(Data listing Opens)

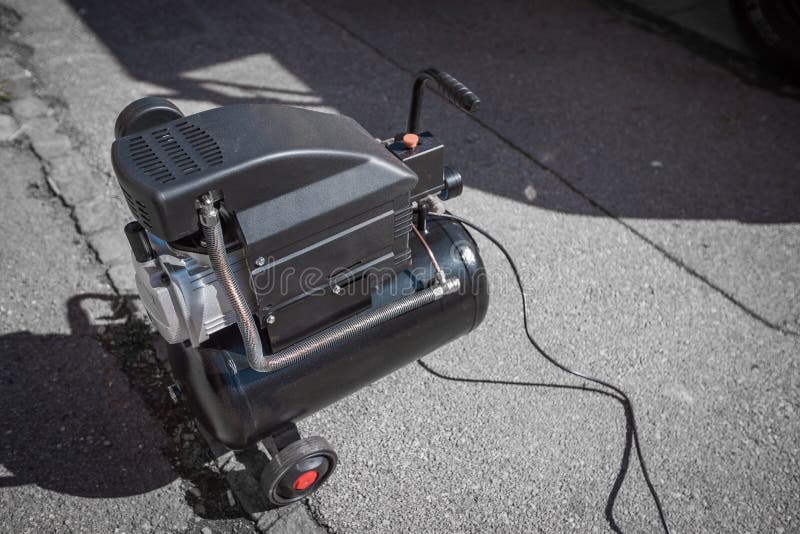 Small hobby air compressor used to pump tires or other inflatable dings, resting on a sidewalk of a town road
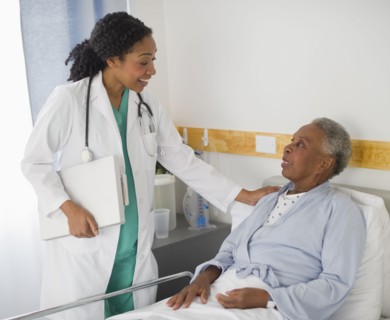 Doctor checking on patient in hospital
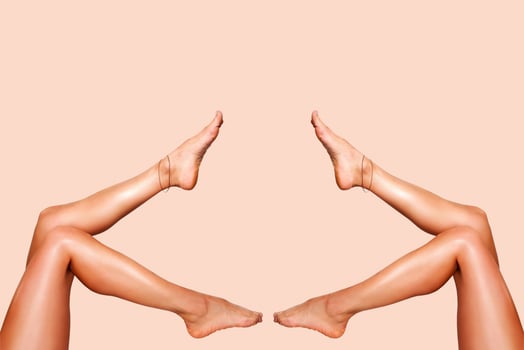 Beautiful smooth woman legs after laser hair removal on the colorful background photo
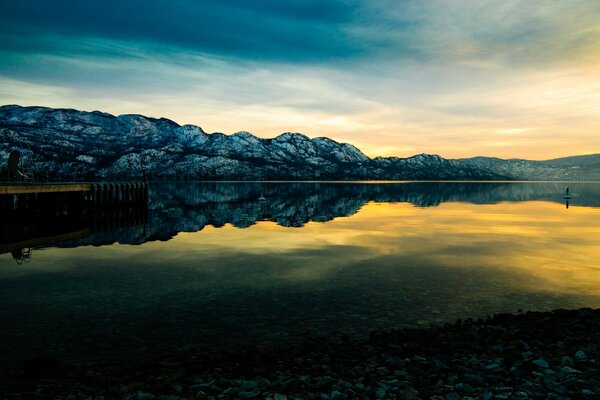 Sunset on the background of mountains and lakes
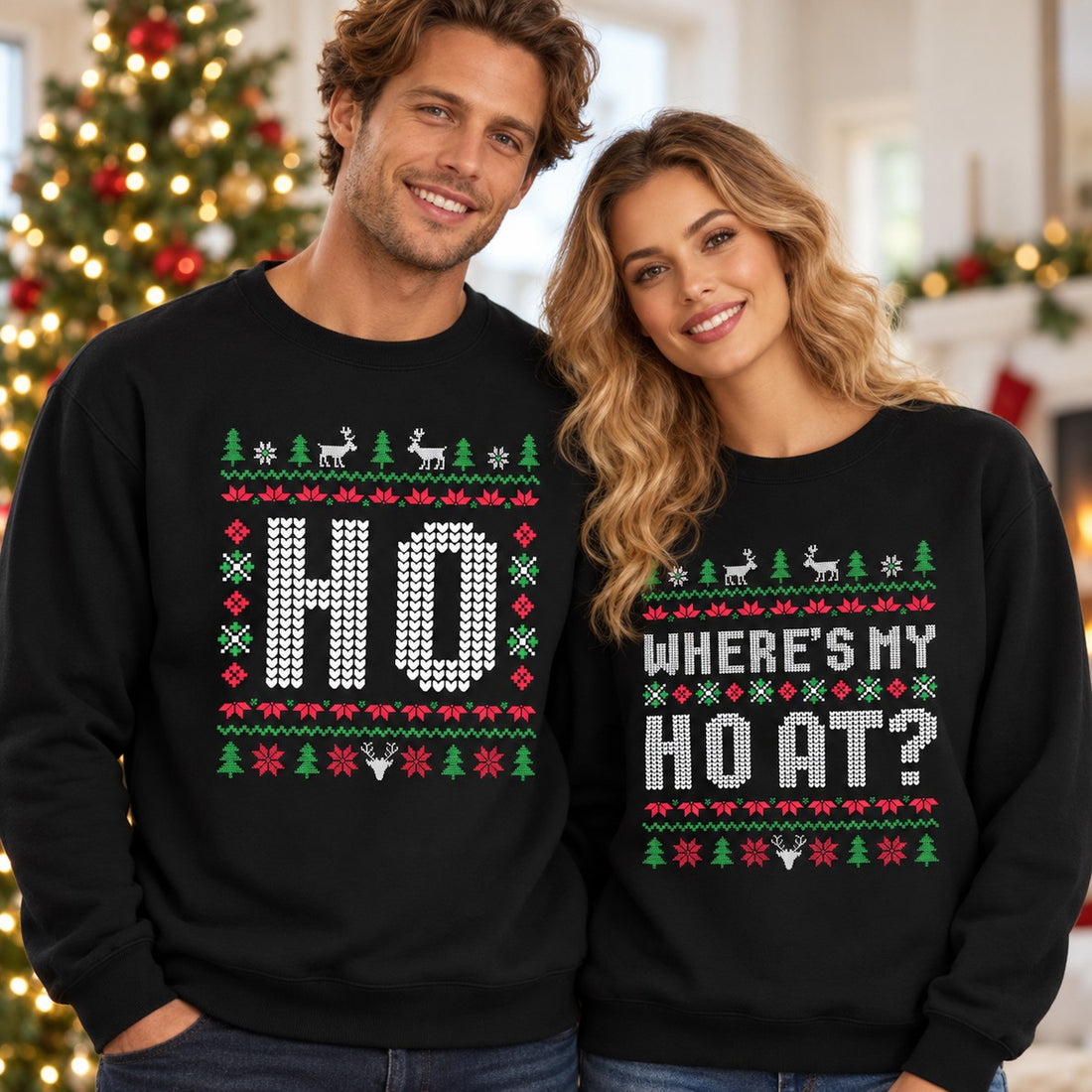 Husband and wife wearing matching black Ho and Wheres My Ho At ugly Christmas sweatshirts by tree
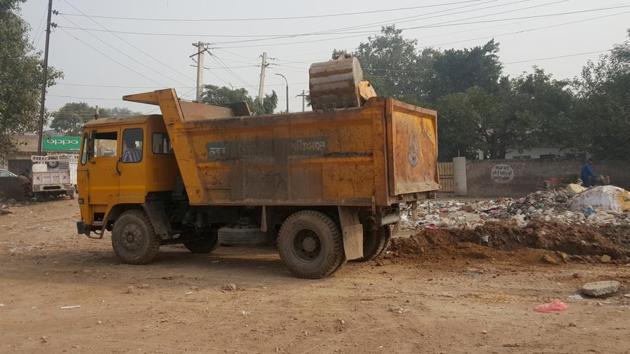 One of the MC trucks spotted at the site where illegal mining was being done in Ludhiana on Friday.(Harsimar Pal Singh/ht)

(Data listing Closes)
(Data listing Opens)

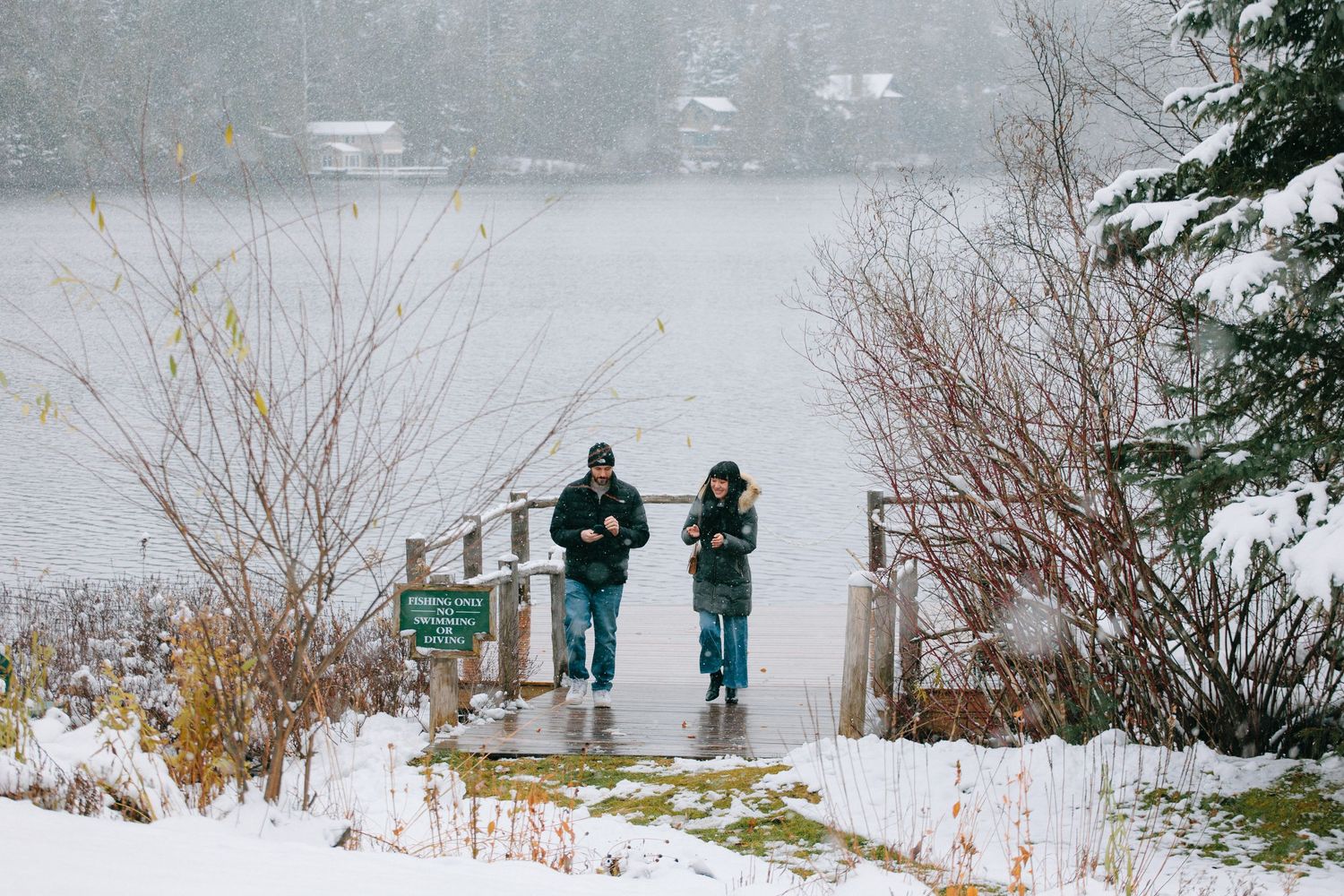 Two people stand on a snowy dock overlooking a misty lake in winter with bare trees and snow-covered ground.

(Data listing Closes)

Required work - From the listing above, please give again the lines that begin with the line holding "Beautiful smooth woman" and go on through the line holding "One of the MC", exactly, both ends included, minus any picture.

Problem solution -
 Beautiful smooth woman legs after laser hair removal on the colorful background photo
 Sunset on the background of mountains and lakes
 Husband and wife wearing matching black Ho and Wheres My Ho At ugly Christmas sweatshirts by tree
 One of the MC trucks spotted at the site where illegal mining was being done in Ludhiana on Friday.(Harsimar Pal Singh/ht)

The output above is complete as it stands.